Excerpted data |

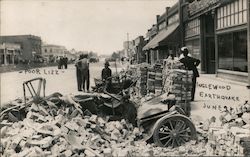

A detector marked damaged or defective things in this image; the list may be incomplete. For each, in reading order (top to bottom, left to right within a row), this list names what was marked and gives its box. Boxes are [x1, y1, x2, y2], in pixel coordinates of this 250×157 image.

wrecked model t [0, 76, 197, 148]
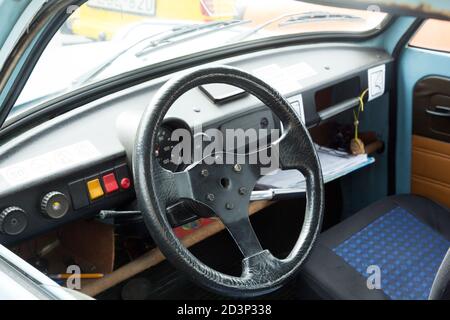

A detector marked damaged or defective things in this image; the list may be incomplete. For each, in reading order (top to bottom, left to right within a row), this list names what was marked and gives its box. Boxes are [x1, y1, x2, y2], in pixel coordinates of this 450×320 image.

cracked leather steering wheel [133, 65, 324, 298]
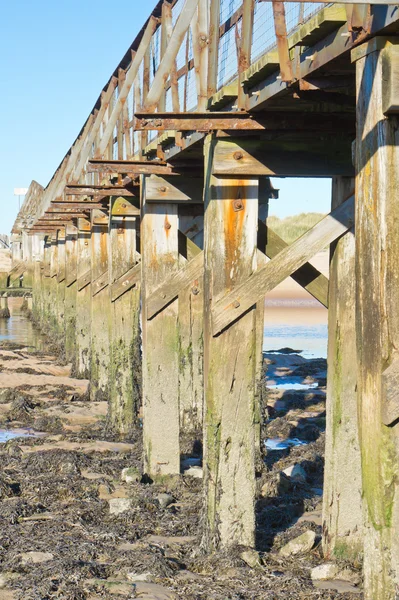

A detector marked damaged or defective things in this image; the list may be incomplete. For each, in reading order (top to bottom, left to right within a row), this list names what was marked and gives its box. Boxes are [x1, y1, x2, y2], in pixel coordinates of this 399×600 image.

rusted steel bracket [272, 0, 294, 82]
rusty metal beam [88, 158, 173, 175]
rusted steel bracket [91, 272, 108, 298]
rusted steel bracket [110, 262, 141, 302]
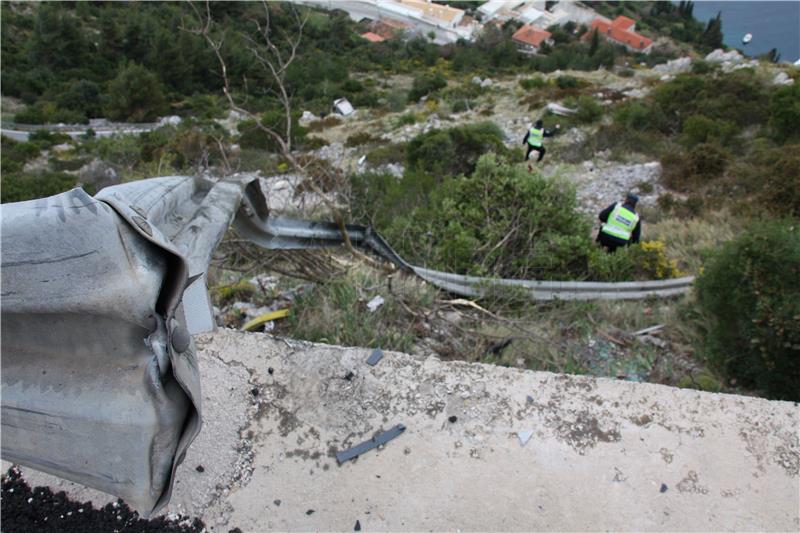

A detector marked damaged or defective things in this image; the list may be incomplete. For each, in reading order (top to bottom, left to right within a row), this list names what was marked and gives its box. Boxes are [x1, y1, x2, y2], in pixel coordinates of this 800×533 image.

damaged guardrail [0, 177, 692, 512]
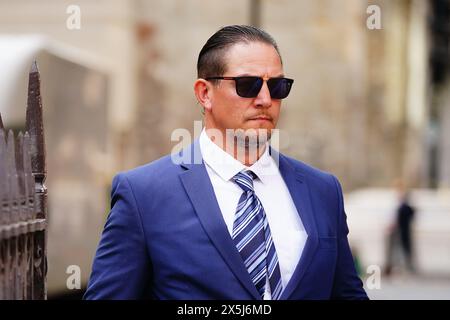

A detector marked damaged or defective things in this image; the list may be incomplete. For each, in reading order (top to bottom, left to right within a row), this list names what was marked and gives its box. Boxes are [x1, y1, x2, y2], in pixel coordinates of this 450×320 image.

rusty iron fence [0, 60, 47, 300]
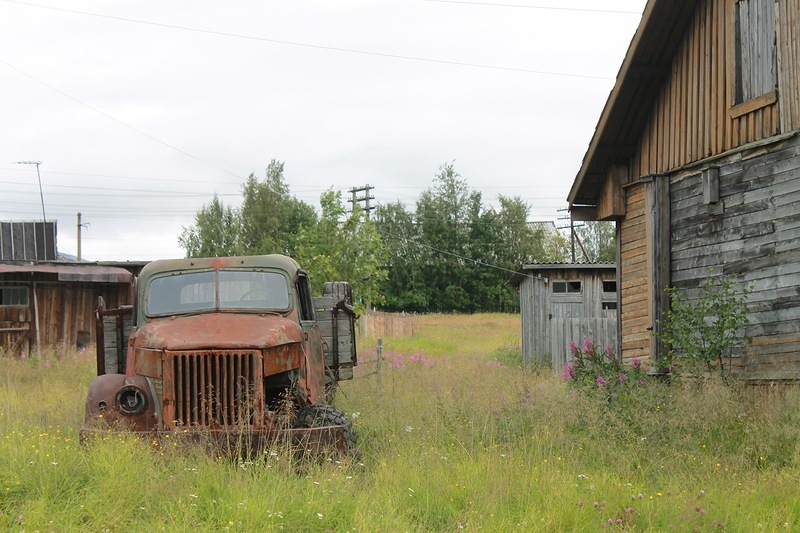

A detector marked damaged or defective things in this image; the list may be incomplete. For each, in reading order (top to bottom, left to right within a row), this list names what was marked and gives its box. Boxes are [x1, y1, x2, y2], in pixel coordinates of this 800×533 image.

rusty truck [81, 254, 356, 454]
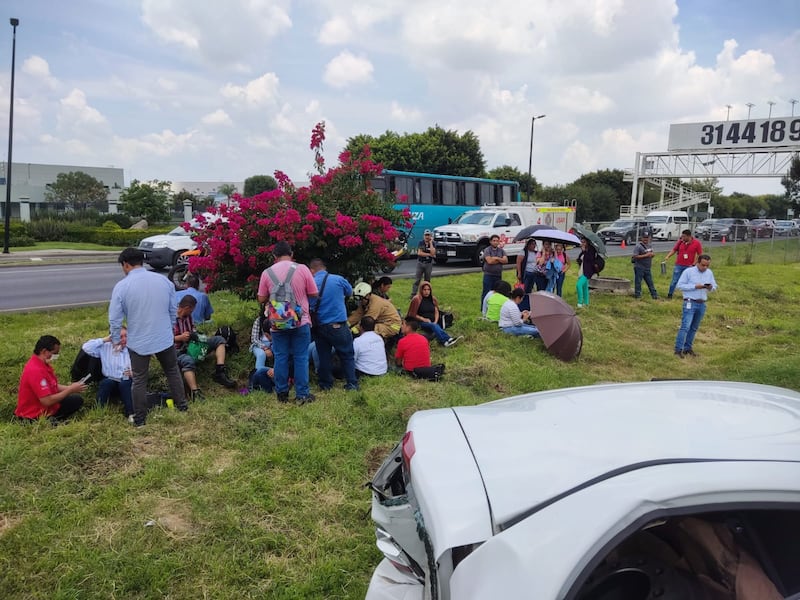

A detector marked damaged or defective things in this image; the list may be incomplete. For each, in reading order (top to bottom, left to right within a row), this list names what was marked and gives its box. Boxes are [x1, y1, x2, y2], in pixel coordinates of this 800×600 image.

damaged white car [368, 382, 800, 600]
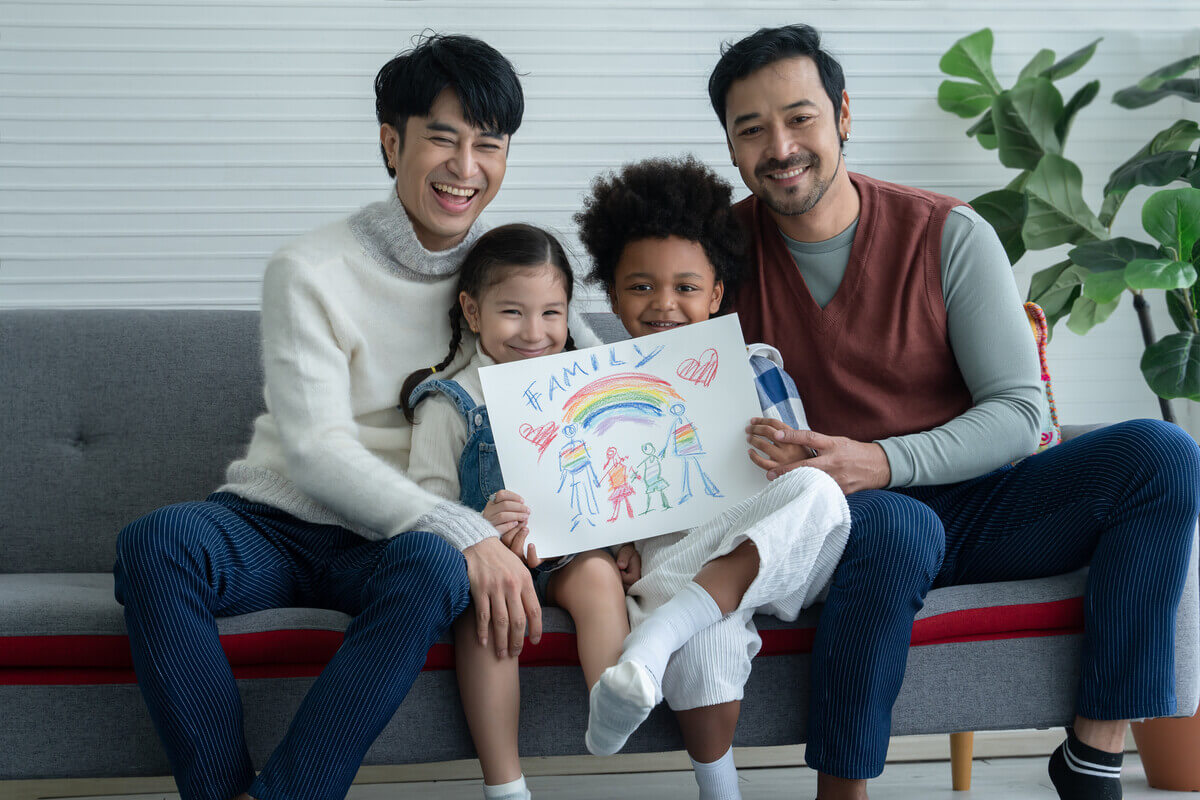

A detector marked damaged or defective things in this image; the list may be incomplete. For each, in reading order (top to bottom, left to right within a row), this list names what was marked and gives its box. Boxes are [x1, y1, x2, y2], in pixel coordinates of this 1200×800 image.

rust vest [732, 173, 976, 444]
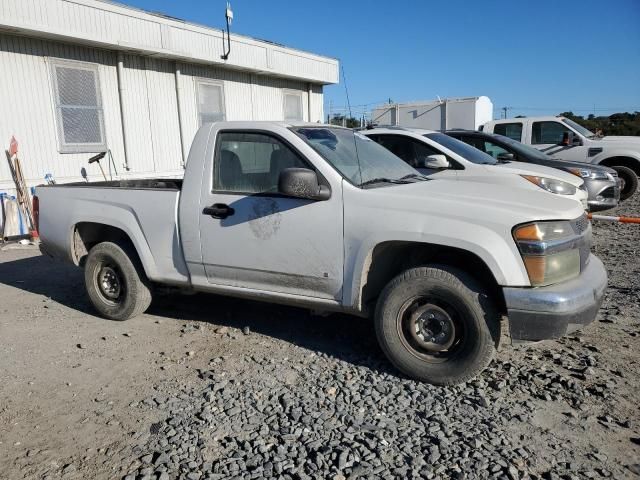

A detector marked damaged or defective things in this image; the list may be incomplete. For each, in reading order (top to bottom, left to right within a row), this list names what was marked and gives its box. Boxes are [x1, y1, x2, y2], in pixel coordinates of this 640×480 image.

rust spot on truck [249, 198, 282, 239]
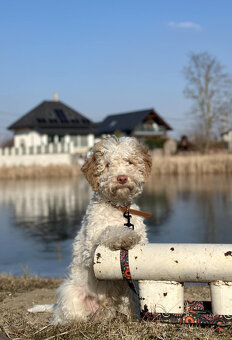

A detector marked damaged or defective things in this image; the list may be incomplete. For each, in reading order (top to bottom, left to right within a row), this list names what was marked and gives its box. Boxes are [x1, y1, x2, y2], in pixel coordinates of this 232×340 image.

rusty metal pipe [93, 243, 232, 282]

About this exercise | Only one thing belongs in the reply: the exact lines of the listing above, from the one with "this 232×340 image." through its last line.

Written answer |
A detector marked damaged or defective things in this image; the list may be incomplete. For each, in reading order (top to bottom, left to right within a row), this list names what was marked and gives its box. Boxes are [x1, y1, x2, y2], in pixel coordinates of this 232×340 image.

rusty metal pipe [93, 243, 232, 282]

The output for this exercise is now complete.